Task goal: In the listing below, the lines starting at the line with "The Cello Player" and ending at the line with "5-Chloro-2-iodobenzoic acid (CAS" are to be output verbatim. Images stay out of the copy.

Records supplied:

>>

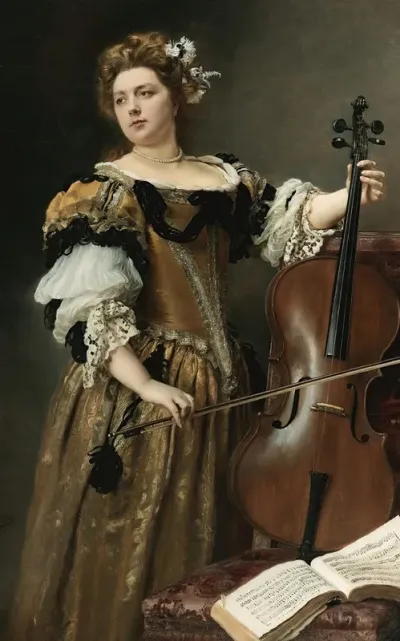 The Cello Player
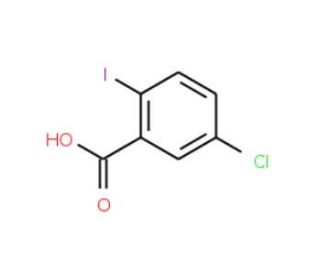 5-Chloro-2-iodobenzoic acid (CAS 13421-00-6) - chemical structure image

<<
>>

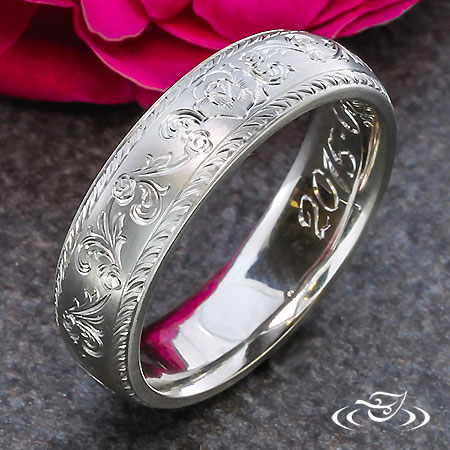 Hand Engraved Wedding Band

<<
>>

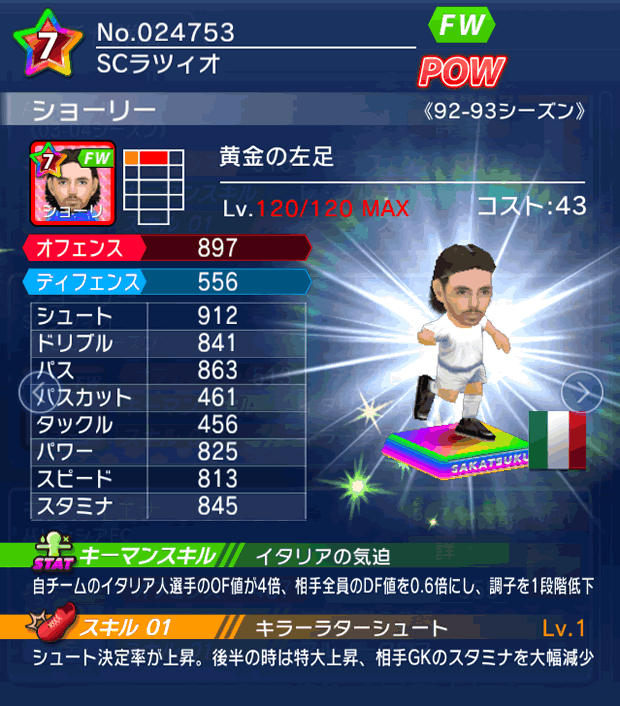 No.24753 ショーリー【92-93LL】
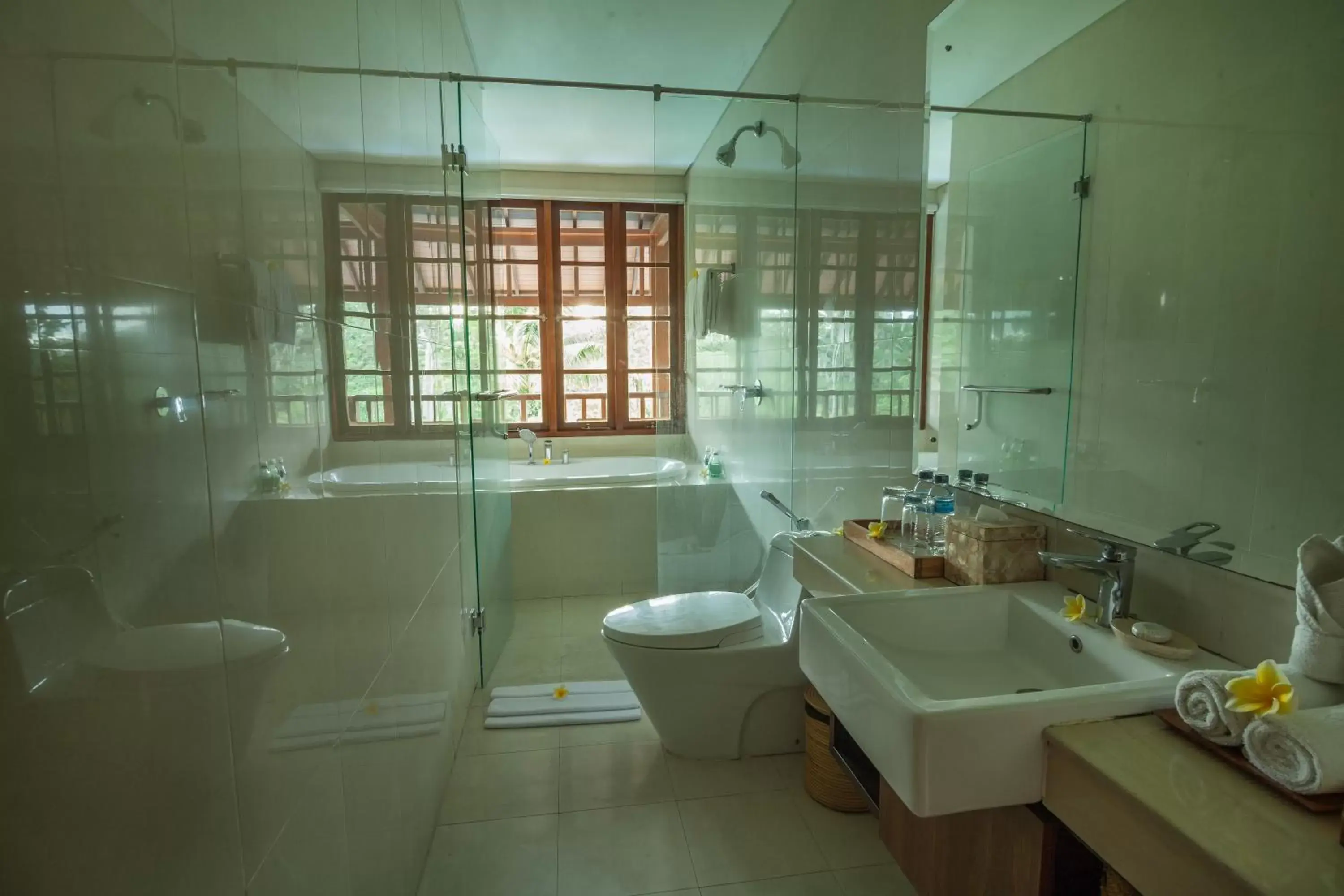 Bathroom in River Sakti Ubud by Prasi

<<

Solution to the exercise:
 The Cello Player
 5-Chloro-2-iodobenzoic acid (CAS 13421-00-6) - chemical structure image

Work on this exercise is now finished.